*TASK INSTRUCTIONS*
All that is needed is the lines from the one containing "Чому поляки масово" through the end of the listing, printed exactly, with no pictures among them.
(Beginning of LISTED ENTRIES)
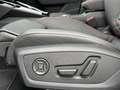 Audi RS3 Sportback 2.5 TFSI quattro 280km/h Pano Matrix-LE - thumbnail 20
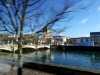 San Sebastian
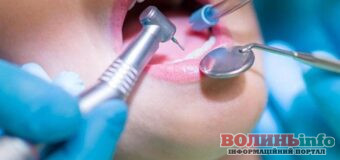 Чому поляки масово довіряють лікування зубів українським стоматологам?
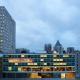 citizenM Rotterdam, Róterdam (foto 4)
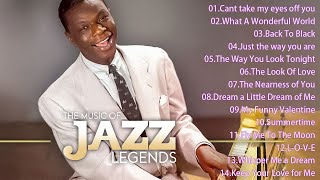 Nat King Cole, Frank Sinatra, Carpenters, Andy Williams |Golden Oldies Classics #oldies #50s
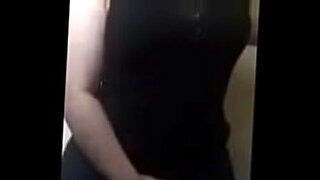 19 years old gf real sex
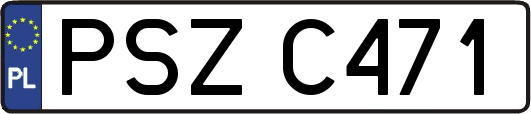 PSZC471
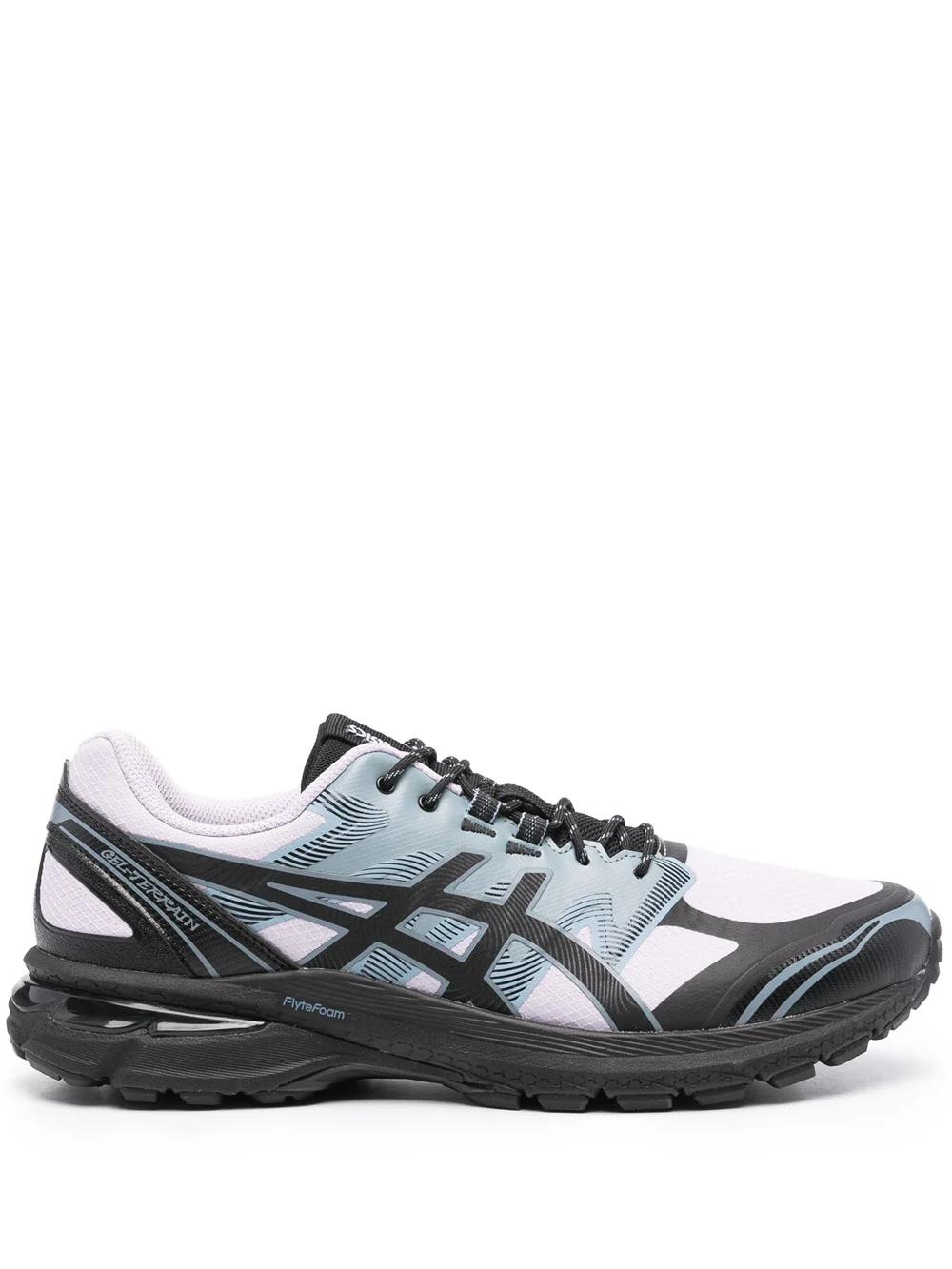 Asics Gel Terrain Trainers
(End of LISTED ENTRIES)
*EXERCISE RESULT*
 Чому поляки масово довіряють лікування зубів українським стоматологам?
 citizenM Rotterdam, Róterdam (foto 4)
 Nat King Cole, Frank Sinatra, Carpenters, Andy Williams |Golden Oldies Classics #oldies #50s
 19 years old gf real sex
 PSZC471
 Asics Gel Terrain Trainers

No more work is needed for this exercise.